Now, we have a new friend in our lives and I am the one with a crush, and my husband is offering permission to explore this. And I have two questions: 1) What are the steps we can take to try to crisis-proof this process and make sure we don’t hit the same kind of potholes we hit last time, now on the other side? Exploring this crush is nowhere near as important to me as keeping my relationship with my husband strong and healthy. 2) I haven’t been single in nearly two decades! And even when I was in my 20s, I was terrible at flirting. How do I do this? My impression is that there is flirtation and interest on both sides, but again, I was really bad at this back when I was actually in practice. I feel like any communication of our openness to ethical non-monogamy is in the end a form of an invitation, and I don’t want to make someone uncomfortable by broadcasting interest that might not be mutual. Can I have a script?
—How Do I Do This Again?
Dear Do This Again,
You have firsthand evidence of why it is impossible to make this situation crisis-proof: You don’t know how it will feel until you’re in the thick of it. What can mitigate the overwhelming feelings that come with ethical nonmonogamy, though, is a sense of connectedness with your partner through frequent and open communication. In my experience, the most useful rule is: All rules are subject to change. Guidelines that make sense in theory, may cease doing so in practice. If your partner doesn’t end up liking what he sees, you should be willing to hear him out (and likely, modify or at least compromise) for the continued well-being of your relationship. If you don’t bend, your bond can break. Sometimes it’s worth throwing it all away for the new bond you forge, but you explicitly state that’s not something you want.
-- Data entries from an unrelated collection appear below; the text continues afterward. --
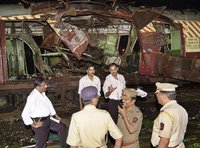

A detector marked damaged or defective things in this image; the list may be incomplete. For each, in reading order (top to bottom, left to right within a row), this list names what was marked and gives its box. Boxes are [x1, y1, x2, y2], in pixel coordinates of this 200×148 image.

damaged wooden panel [47, 19, 88, 59] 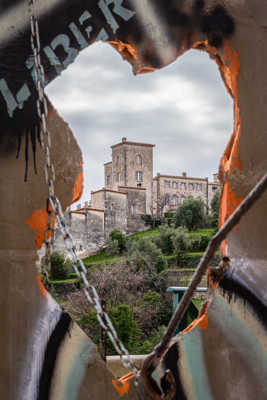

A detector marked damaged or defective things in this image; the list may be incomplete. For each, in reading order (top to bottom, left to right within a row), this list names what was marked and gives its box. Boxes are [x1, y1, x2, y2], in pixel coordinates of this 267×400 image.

rusty orange paint [182, 302, 211, 332]
rusty orange paint [112, 372, 135, 396] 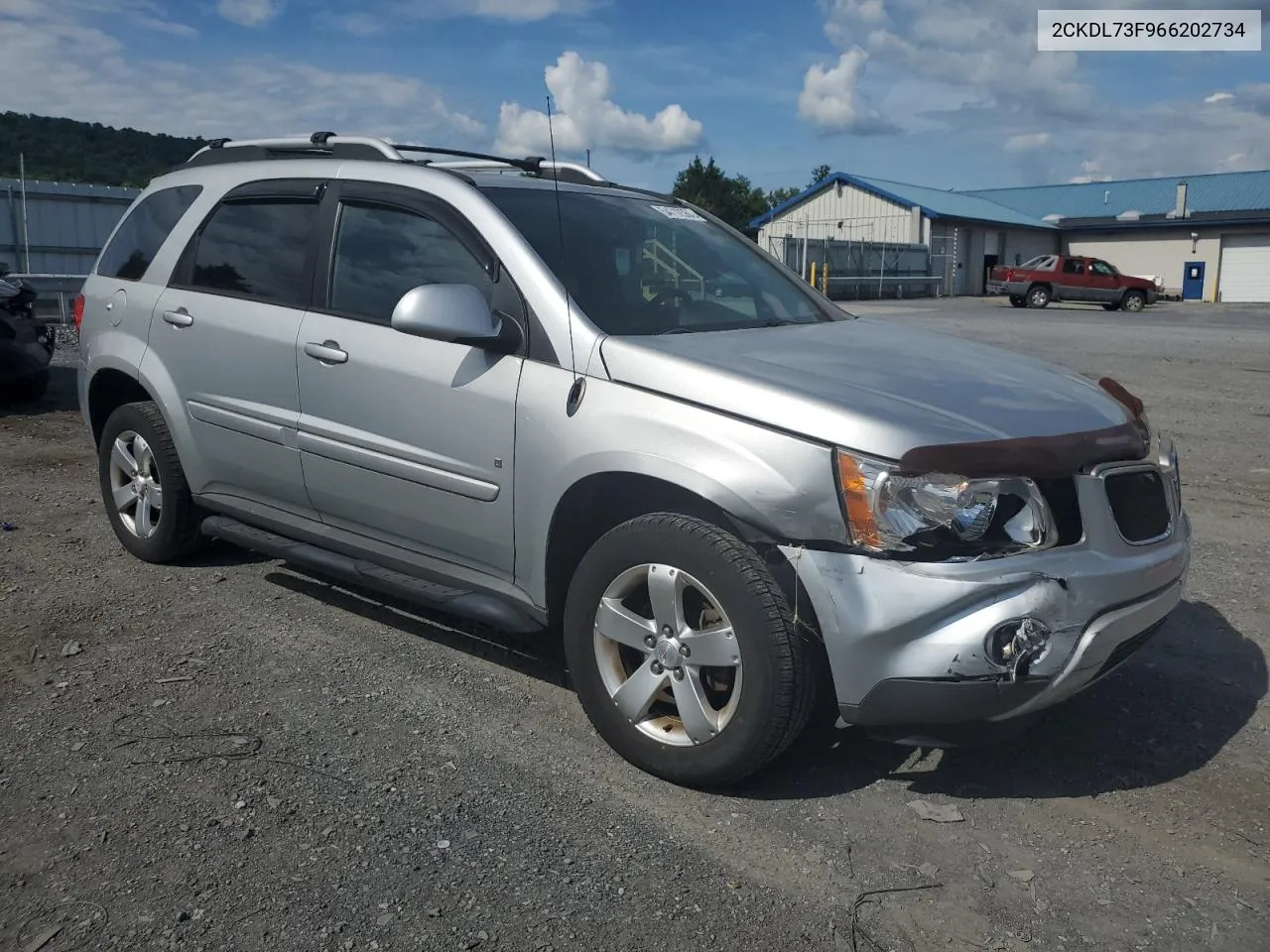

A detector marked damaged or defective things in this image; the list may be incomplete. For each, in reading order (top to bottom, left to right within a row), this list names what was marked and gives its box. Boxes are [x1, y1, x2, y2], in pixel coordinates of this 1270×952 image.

dented hood [599, 317, 1137, 461]
broken headlight [837, 451, 1056, 563]
damaged front bumper [782, 467, 1189, 726] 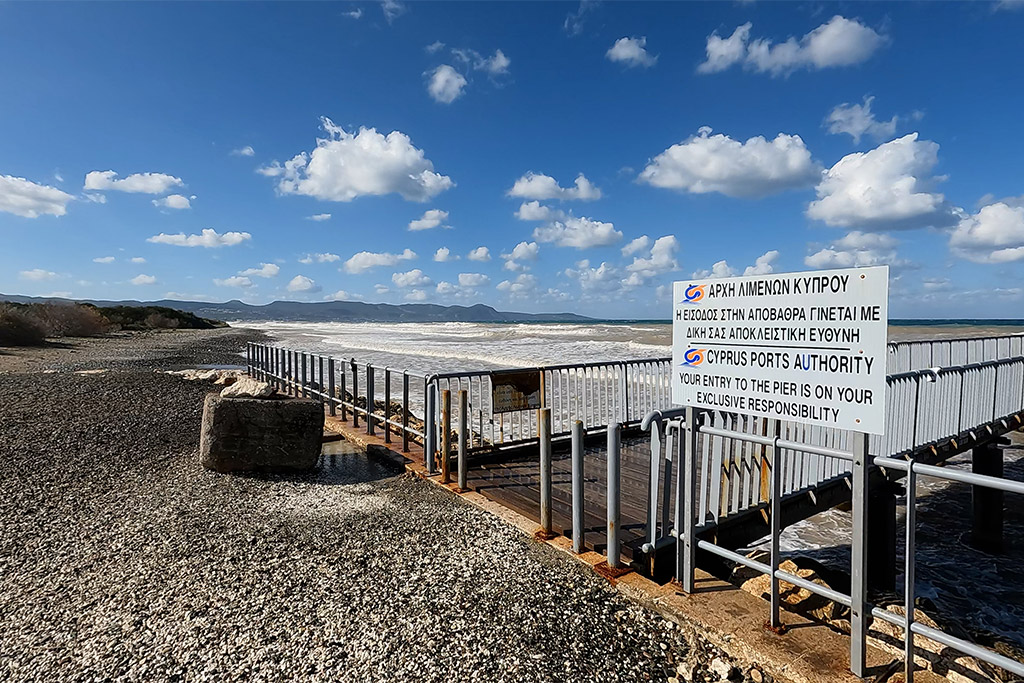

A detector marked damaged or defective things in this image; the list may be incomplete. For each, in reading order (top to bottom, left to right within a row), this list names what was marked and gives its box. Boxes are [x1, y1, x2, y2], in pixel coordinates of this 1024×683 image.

rusty metal post [606, 423, 622, 569]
The second part of your question is in some ways more difficult to solve than the first. I guess what you should primarily accept is that you might make someone uncomfortable by broadcasting interest that might not be mutual. This is the risk you take when expressing your interest. But it’s a worthy risk given the alternative, which is nothing happening because you didn’t act on your curiosity. Luckily, for most reasonable people, the minor discomfort that comes from being on the receiving end of an unrequited crush isn’t a big deal. They acknowledge it and move on, perhaps even deriving an ego boost from it. Simple. (Keep in mind, though that repeated broadcasting of explicit interest with no reciprocation constitutes badgering, or worse: attempted coercion. If you make things clear once, maybe twice, and don’t get any bites, consider yourself rejected and move on.)
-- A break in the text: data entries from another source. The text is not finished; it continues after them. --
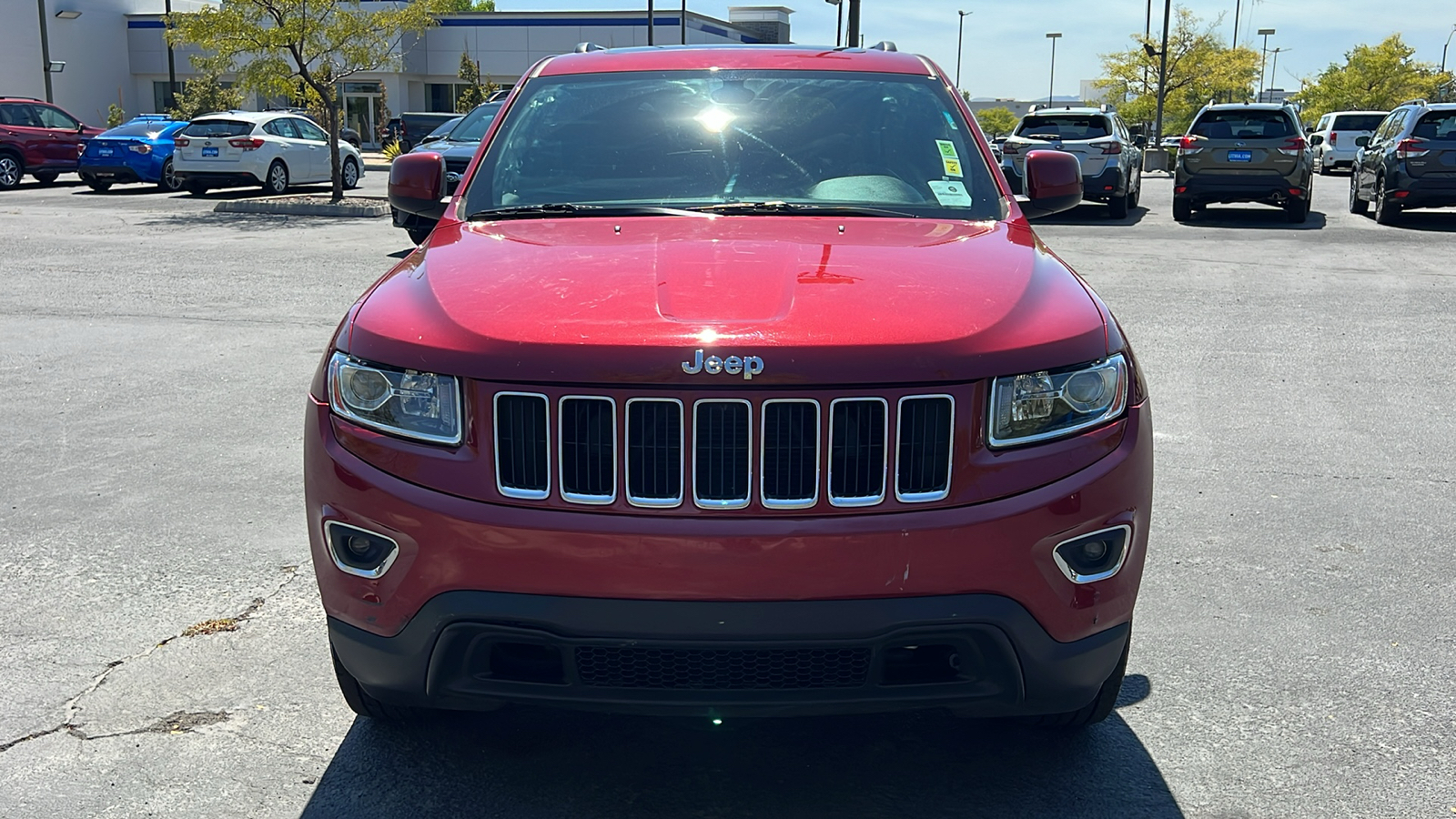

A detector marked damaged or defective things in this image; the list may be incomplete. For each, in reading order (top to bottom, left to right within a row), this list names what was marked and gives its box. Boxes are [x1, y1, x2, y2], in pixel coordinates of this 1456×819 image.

cracked asphalt [3, 169, 1456, 815] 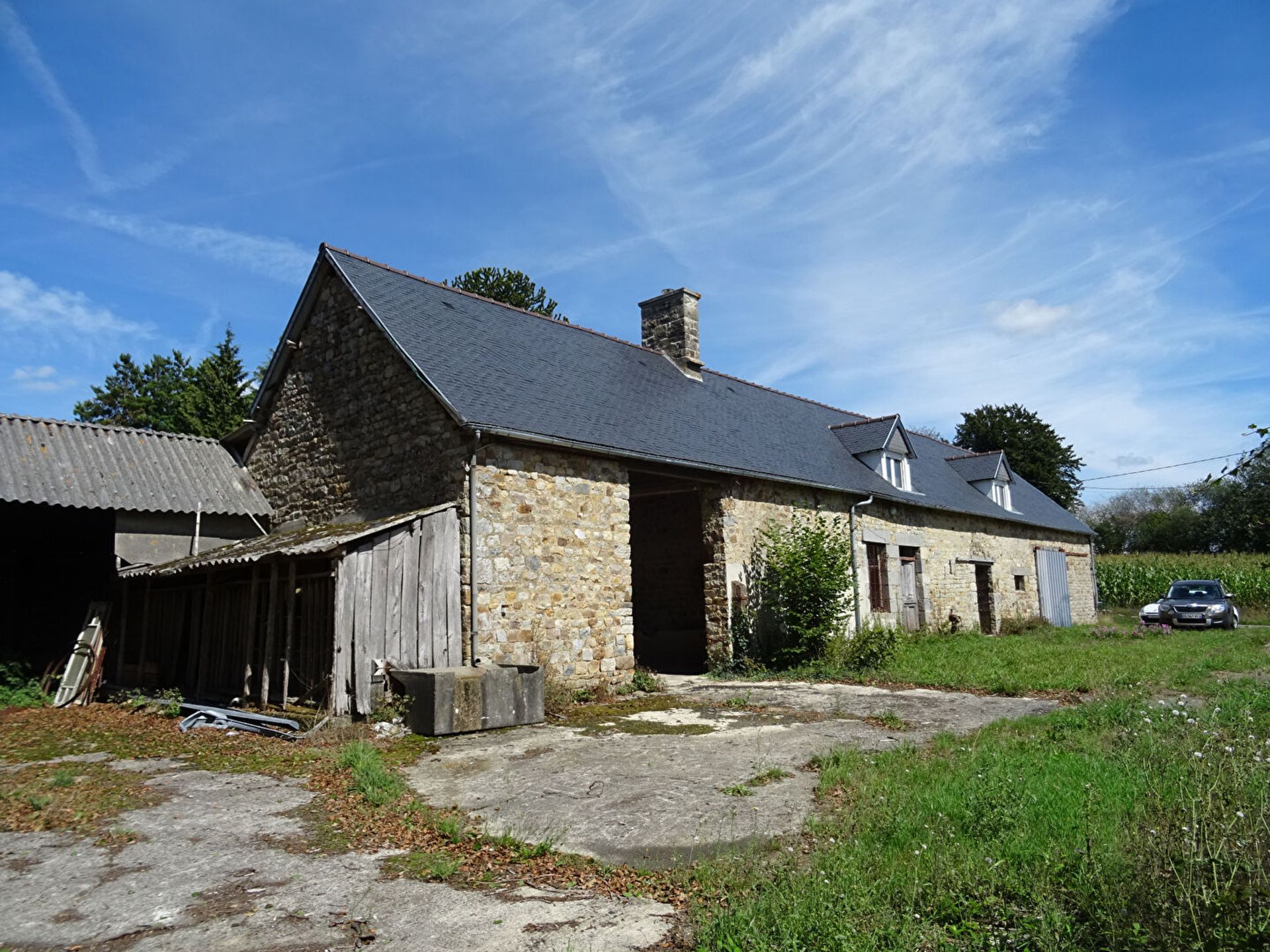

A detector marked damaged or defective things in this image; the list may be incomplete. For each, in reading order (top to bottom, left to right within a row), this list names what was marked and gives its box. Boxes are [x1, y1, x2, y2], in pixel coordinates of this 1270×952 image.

rusty corrugated sheet [1, 416, 270, 518]
cracked concrete slab [0, 762, 675, 952]
cracked concrete slab [406, 675, 1051, 868]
Rather than a script, which I think would be too precise to cover all the potential ways this could go, I’ll offer a suggestion, which is to naturally work into conversation 1) sex, 2) your open-ish relationship with your husband, and 3) your interest in women. Set the scene by talking about what’s going on with you, and see if you can sow some interest. Compliments on your friend’s physical appearance—both in the innate and adornment realms—will also telegraph where your head is at. You can build from there if you find her reciprocating within your conversations, or if you sense any intrigue coming from your friend. The idea is to basically show her what’s possible and see if she’s interested in exploring those possibilities. Personally, I have found that nothing beats the direct approach—“You’re so hot, I would love to play with you”—but your situation, as well as you, are probably a little too sensitive for that at this point.